On Sat, May 14, 2022 at 2:10 AM Ilya Maximets <[email protected]> wrote:
>
> On 5/13/22 10:36, Frode Nordahl wrote:
> > On Fri, Mar 11, 2022 at 2:04 PM Liam Young <[email protected]> wrote:
> >>
> >> Hi,
> >>
> >> <tl;dr> Commit 355fef6f2 seems to break connectivity in my setup</tl;dr>
> >
> > After OVN started colocating sNAT and dNAT operations in the same CT
> > zone [0] the above mentioned OVS commit appears to also break OVN [1].
> > I have been discussing with Numan and he has found a correlation with
> > the behavior of the open vswitch kernel data path conntrack
> > `skb_nfct_cached` function, i.e. if that is changed to always return
> > 'false' the erratic behavior disappears.
> >
> > So I guess the question then becomes, is this a OVS userspace or OVS
> > kernel problem?
> >
> > We have a reproducer in [3].
> >
> > 0: 
> > https://github.com/ovn-org/ovn/commit/4deac4509abbedd6ffaecf27eed01ddefccea40a
> > 1: https://bugs.launchpad.net/ubuntu/+source/ovn/+bug/1967856
> > 2: 
> > https://elixir.bootlin.com/linux/latest/source/net/openvswitch/conntrack.c#L683
> > 3: https://bugs.launchpad.net/ubuntu/+source/ovn/+bug/1967856/comments/6
> >
>
> Hrm.  I think, there is a logical bug in implementations of ct()
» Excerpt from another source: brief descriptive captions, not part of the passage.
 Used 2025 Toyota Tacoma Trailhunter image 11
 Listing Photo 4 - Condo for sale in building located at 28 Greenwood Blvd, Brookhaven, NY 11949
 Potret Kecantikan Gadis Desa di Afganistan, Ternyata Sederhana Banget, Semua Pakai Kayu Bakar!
> datapath action in both datapaths.
>
> The problem appears when the OpenFlow pipeline for the packet contains
> several ct() actions.  NXAST_CT action (i.e. every ct() action) must
> always put the packet into an untracked state.  Tracked state will be
> set only in the 'recirc_table' where the packet is cloned by the ct()
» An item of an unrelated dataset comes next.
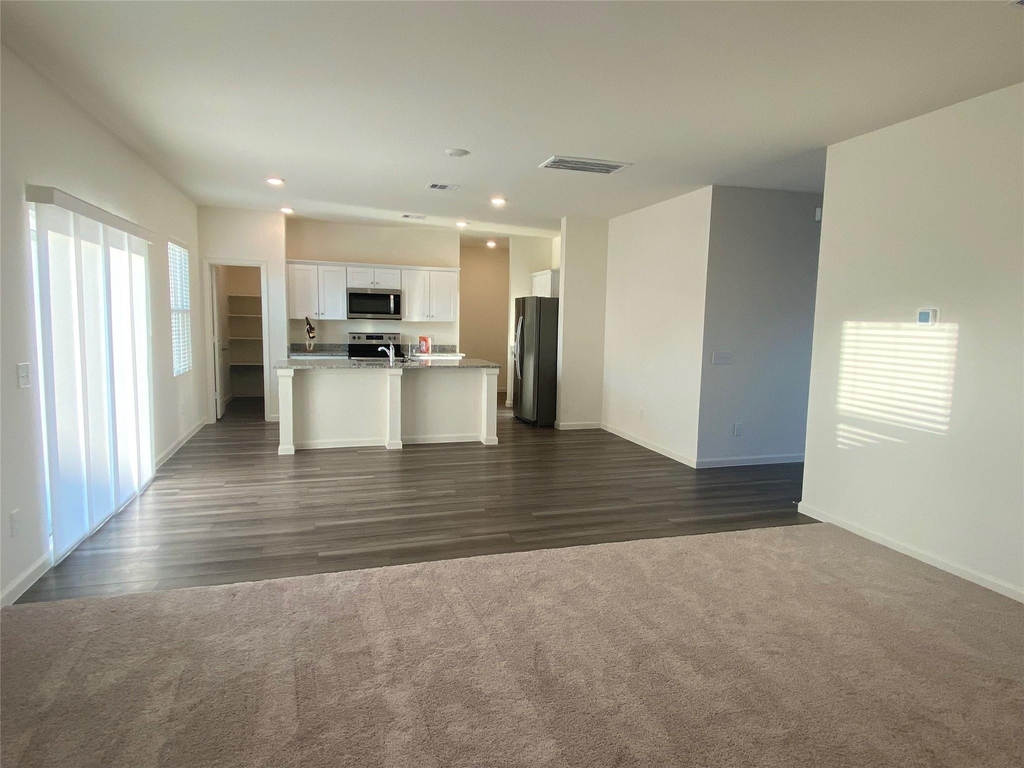 3022 Spindletree Lane - Photo 4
> action for further processing.
>
> If an OF pipeline looks like this:
>
>   actions=ct(),something,something,ct(),something
>
> each action must be entered with the 'untracked' conntrack state in
> the packet metadata.
>
> However, ct() action in the datapath, unlike OpenFlow, doesn't work
> this way.  It modifies the conntrack state for the packet it is processing.
> During the flow translation OVS inserts recirculation right after the
> datapath ct() action.  This way conntrack state affects only processing
> after recirculation.  Sort of.
>
> The issue is that not all OpenFlow ct() actions have recirc_table
> specified.  These actions supposed to change the state of the conntrack
> subsystem, but they still must leave the packet itself in the untracked
> state with no strings attached.  But since datapath ct() actions doesn't
> work that way and since recirculation is not inserted (no recirc_table
> specified), packet after conntrack execution carries the state along to
> all other actions.
> This doesn't impact normal actions, but seems to break subsequent ct()
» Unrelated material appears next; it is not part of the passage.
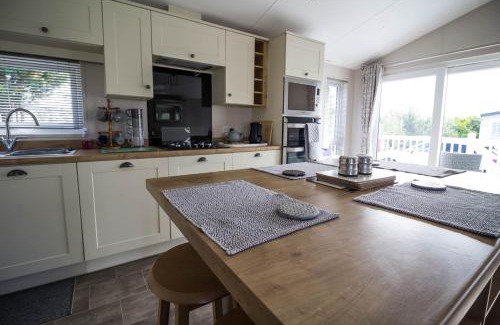 Hunstanton Cabin | Beautiful 4 Berth Lodge With Decking At Manor Park In Hunstanton Ref 23038C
> actions on the same pipeline.
>
> In general, it looks to me that ct() action in the datapath is
> not supposed to cache any connection data inside the packet's metadata.
> This seems to be the root cause of the problem.  Fields that OF knows
> about should not trigger any issues if carried along with a packet,
> but datapath-specific metadata can not be cleared, because OFproto
> simply doesn't know about it.
>
> But, I guess, not caching the connection and other internal structures
> might significantly impact datapath performance.  Will it?
>
> Looking at the reproducer in [3], it has, for example, the flow with the
> following actions:
>
>   actions:ct(commit,zone=8,mark=0/0x1,nat(src)),
>           set(eth(src=00:00:00:00:00:01,dst=00:00:00:00:00:06)),
>           set(ipv4(src=172.18.2.10,dst=192.168.100.6,ttl=62)),
>           ct(zone=8),recirc(0x4)
>
> So, if the first ct() will change some datapath-specific packet metadata,
> the second ct() may try to use that information.
>
> It looks like during the flow translation we must add ct_clear action
> explicitly after every ct() action, unless it was the last action in
> the list.  This will end up with adding a lot of ct_clear actions
> everywhere.
>
> Another option is the patch below that tries to track if ct_clear
> is required and adds that action before the next ct() action in
> the datapath.
>
> BTW, the test [3] fails with both kernel and userspace datapaths.
>
> The change below should fix the problem, I think.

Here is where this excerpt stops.